Free energies of confinement and release can be computed using a variety of different algorithms. Here, since there is a single relevant degree of freedom that needs to be sampled, we employed umbrella sampling17. We computed the potential of mean force (PMF) for rotating the sidechain of Val111 throughout its range of motion in both the bound and unbound states (Fig. 2) (details available in the Supporting Information). From the PMF, we computed the free energy of confining the sidechain to each rotameric state (as described in the Supporting Information). To test reproducibility of the corrected true free energy, the entire confine-and-release procedure was performed twice: Once using the apo structure and the associated metastable state (beginning from the apo crystal structure) for the binding calculation, and once using the holo structure (and metastable state) for the binding calculation. The same framework applies in either case.
Figure 2.
Potential of mean force for rotating the valine 111 sidechain, with (b) and without (a) the ligand. Above each of the three regions is shown the free energy of confining Val111 to that metastable state. The apo metastable state corresponds to the first region on the left and the far right region (since the dihedral angle is periodic). Error bars represent statistical uncertainties corresponding to one standard deviation. Uncertainties for confinement to each well are given in the text.
Using the apo metastable state, we compute a confinement free energy in the unbound state of 0.01+/−0.04 and a release free energy of −0.6+/−0.1 kcal/mol in the bound state. Combining this with the computed confined binding free energy of −2.96+/−0.06 kcal/mol yields a total binding free energy of −3.5+/−0.2 kcal/mol. Alternatively, using the holo metastable state, the confinement free energy is 4.2+/−0.2 kcal/mol and the release free energy is 0.28+/−0.08 kcal/mol, which, when added to the computed confined binding free energy of −7.27+/−0.09 kcal/mol, yields a total binding free energy of −3.3+/−0.2 kcal/mol. The difference between the total binding free energies computed from the different crystal structures is now only 0.2+/−0.3 kcal/mol – statistically indistinguishable from zero. Hence, we believe these values now represent the overall binding free energy, corrected for inadequate sampling of Val111. In this case, the experimental binding free energy is −4.67+/−0.06 kcal/mol, so our approach substantially improves agreement with experiment, especially when beginning from the holo structure.

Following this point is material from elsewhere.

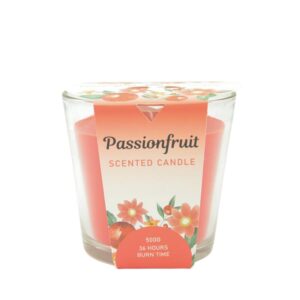 Aromart Glass Scented Candle – Passionfruit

Figure 2 shows that, for p-xylene, a single rotameric state dominates when the ligand is absent (Figure 2a), and a different rotameric state dominates when the ligand is present (Figure 2b), although in (2b), both rotameric states are relevant – that is, both states contribute significant fractions to the free energy. In general, the relevant rotameric state may differ in the presence and absence of the ligand, or there may be multiple relevant states in either case.

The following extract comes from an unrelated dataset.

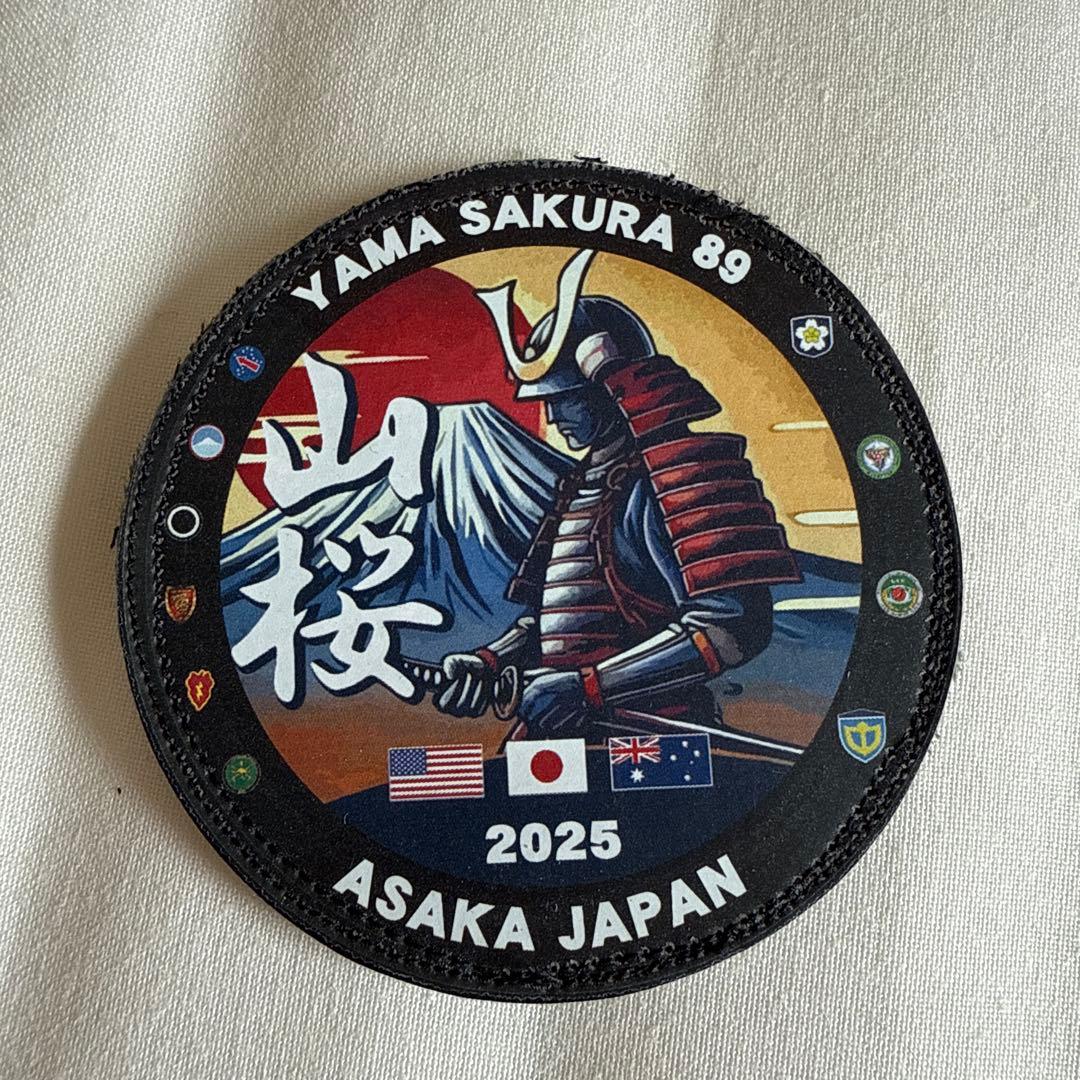 日米合同指揮所訓練ワッペン4枚セット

Previous work on this binding site, beginning from the holo structure for each ligand, produced binding free energies that were 2.05 to 4.40 kcal/mol too negative relative to experiment8 for those compounds where Val111 reorients on ligand binding (p-xylene, o-xylene, and n-butylbenzene, isobutylbenzene)19. Indeed, these compounds were essentially the worst outliers in that study. Here, due to kinetic trapping, we had to apply a positive correction of 3.9 kcal/mol for p-xylene beginning from the holo structure. Though the previous work used a different force field and parameters, it seems likely that kinetic trapping of Val111 can explain a significant portion of the observed errors there. For example, if we applied our correction to their calculated value for p-xylene (−9.06 kcal/mol), the resulting binding free energy would be −5.06 kcal/mol (calculated) versus −4.67 kcal/mol (experiment).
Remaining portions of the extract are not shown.